Reviews for Naruto: X
Striderjay chapter 15 . 7/19
Please update
MonkeyDGabry chapter 11 . 5/6
It's Kurenai not Kurenei
Reaper4991 chapter 15 . 3/31
An idea for power is that after Apocalypse's experimentations naruto could now create powers to a degree, not godlike abilities but enough that make him deadlier than originally thought. Other basic ideas are shunpo, the Jumper ability, Haki from One Piece, the gears from One Piece, one or more of the Devil Fruit powers in One Piece, or full elemental control including light, dark, and sub elements.
Also what happened to Haku and Zabuza?
Reaper4991 chapter 9 . 3/30
Why do you keep mention councils or part council? You had Sarutobi get rid of the civilian and elders in the second chapter under the approval of the fire daimyo.
Reaper4991 chapter 10 . 3/30
You made a mistake in saying Kakashi taught Naruto to read and write since in the second chapter you said Xavier taught him.
narmulti chapter 15 . 10/13/2014
hurry up and update
mbahgila21 chapter 15 . 9/24/2014
hmm.. nice chapter... i really like this...

i think Hinata has a x gene too... why...? because, in canon she has a difficulty with her Jyuuken and she must doing a handseal to activated, maybe her x gene clashing with byakugan who is a bloodline limit or mutant power of Hyuga clan...
i think if she really has mutant power, her ability must be energy manipulation what with her twin lion fist tech in shippuden... :D

update soon... :D
silverback95 chapter 15 . 9/5/2014
Really good story I would love if you would update soon please it was getting really good
Guest chapter 15 . 8/10/2014
make more of this its soooo good
vitalie28 chapter 15 . 8/2/2014
Guest chapter 5 . 7/15/2014
I don't fucking get the point of ALL the dumb shits who like reading about the cra I mean come the duck on! He doesn't have a bloodline and I've never actually heard of anyone in the anime or fucking manga that this has ever happened to. I seriously fucking believe that the cra is the stupidest fucking thing in Naruto fucking period
MythicGR66 chapter 15 . 6/5/2014
dude you really need to update your older stories, there all very good
Jinsokuichi chapter 1 . 5/20/2014
The story seems good, and thats a must for a first chapter, however, your settings and use of scenery needs a lot of work (hopefully fixed in later chapters). Because the narutovers and the X-men/X-men evolution universe is so completely different in almost every possible way, you cant simply lump the two worlds together like that by randomly have xavier and magneto stroll randomly into the hokage's office. on top of that you made mention of kumo cementing the fact that they are firmly in the naruto verse, yet you have two strangers who are not from there but were in thier own universe not too long ago and you drew the differences quite clearly without creating some kind of plausable bridge or connection between the 2. As far as crossovers go, this should be easy with X-men because of the fact that the narutoverse has people capable of jumping dimensions, and the x-men universe probably has a mutant for every single ability imaginable. It was brilliant to make use of apocalyps' time traveling as a connector, then you lost me. Please dont take this to be a flame, but its really confusing and i have been looking forward to an awesome story.
jasonleric1 chapter 15 . 5/10/2014
dude I love your story when are you going to update
Mynameis1212 chapter 15 . 4/21/2014
Liked the story, however, yeah I read all the chapter now there is definitely a however, you spanned this over way to many years. Ideas you had at the start changed, you forgot the details between Anko and Naruto during the likes, dislikes, etc team meeting part. You had a power definite for Naruto then changed it, now we don't know it.

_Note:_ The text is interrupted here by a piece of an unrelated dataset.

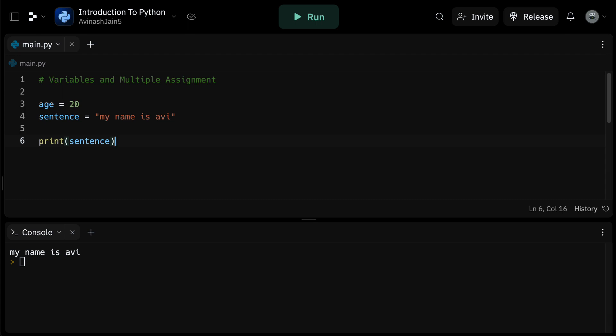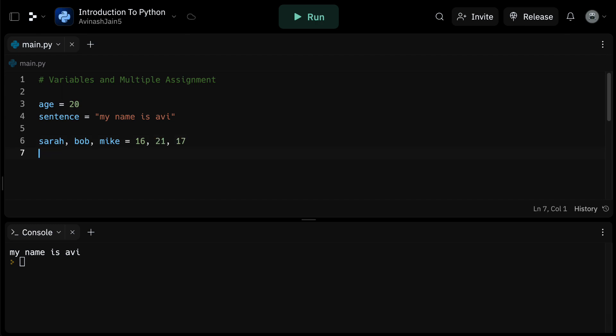Let's say we have several friends celebrating birthdays. Sarah is turning 16, Bob is turning 21, Mike is turning 17. Instead of creating a new variable for each friend, we can use multiple assignment like so. Sarah, Bob, Mike is equal to and then each of their respective ages, 16, 21, 17. Now Sarah holds the value 16, Bob holds 21, and Mike holds 17.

My biggest problem overall are the parts you skipped over. We have spent more time in Konoha then America, and that was where most of his life took place.

If you ever get interested with this story again, I request that you make a spin off series. Every time you said, "That's a story for another time," I died a little inside.

Overall, I loved the story, but please do something about the," but that's a story for another time," It got a little annoying when it was about Gambit. I got downright pissed when we talked about Naruto's time in HS.

Another thing, you gave Naruto a DAUGHTER. I know she can add cuteness, but what does she really bring to the table except someone to hold over him. I really wish you wouldn't have given him a kid so early. Sorry that's just my opinion.

This may feel like a flame, and I'm sorry for that. I truly liked this story. There are just some parts that got to me.